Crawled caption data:
════════
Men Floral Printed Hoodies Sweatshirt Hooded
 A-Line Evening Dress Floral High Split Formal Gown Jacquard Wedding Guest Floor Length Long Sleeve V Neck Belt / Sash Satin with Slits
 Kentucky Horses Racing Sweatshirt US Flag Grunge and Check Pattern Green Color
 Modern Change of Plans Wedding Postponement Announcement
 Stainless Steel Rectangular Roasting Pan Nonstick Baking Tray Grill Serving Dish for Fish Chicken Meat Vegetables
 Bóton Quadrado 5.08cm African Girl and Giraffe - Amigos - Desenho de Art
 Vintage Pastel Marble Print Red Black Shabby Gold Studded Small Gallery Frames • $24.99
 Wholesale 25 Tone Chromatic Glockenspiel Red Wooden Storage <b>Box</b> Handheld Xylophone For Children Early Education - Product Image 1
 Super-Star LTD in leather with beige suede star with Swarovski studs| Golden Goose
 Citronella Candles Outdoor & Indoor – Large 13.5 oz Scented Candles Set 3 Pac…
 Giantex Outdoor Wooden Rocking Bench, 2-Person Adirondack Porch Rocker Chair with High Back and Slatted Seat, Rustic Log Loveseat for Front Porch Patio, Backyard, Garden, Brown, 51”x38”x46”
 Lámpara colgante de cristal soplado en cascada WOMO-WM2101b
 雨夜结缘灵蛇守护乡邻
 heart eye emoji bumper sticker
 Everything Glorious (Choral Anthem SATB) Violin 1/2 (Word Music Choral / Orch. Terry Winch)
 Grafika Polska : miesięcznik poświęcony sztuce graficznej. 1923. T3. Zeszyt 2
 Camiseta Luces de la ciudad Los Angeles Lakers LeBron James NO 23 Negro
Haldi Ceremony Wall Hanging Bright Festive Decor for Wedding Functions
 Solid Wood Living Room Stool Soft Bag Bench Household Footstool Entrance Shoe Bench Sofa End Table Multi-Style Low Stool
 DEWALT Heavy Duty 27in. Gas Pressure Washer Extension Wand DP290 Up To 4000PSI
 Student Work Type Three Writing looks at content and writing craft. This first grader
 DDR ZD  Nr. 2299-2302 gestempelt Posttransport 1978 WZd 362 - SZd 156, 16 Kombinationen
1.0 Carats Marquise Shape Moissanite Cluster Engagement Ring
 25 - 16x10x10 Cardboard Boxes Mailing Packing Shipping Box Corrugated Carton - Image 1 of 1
════════
Every line from the one containing "Student Work Type" to the end of the entries must be set down exactly, with none omitted and none added.

 Student Work Type Three Writing looks at content and writing craft. This first grader
 DDR ZD  Nr. 2299-2302 gestempelt Posttransport 1978 WZd 362 - SZd 156, 16 Kombinationen
1.0 Carats Marquise Shape Moissanite Cluster Engagement Ring
 25 - 16x10x10 Cardboard Boxes Mailing Packing Shipping Box Corrugated Carton - Image 1 of 1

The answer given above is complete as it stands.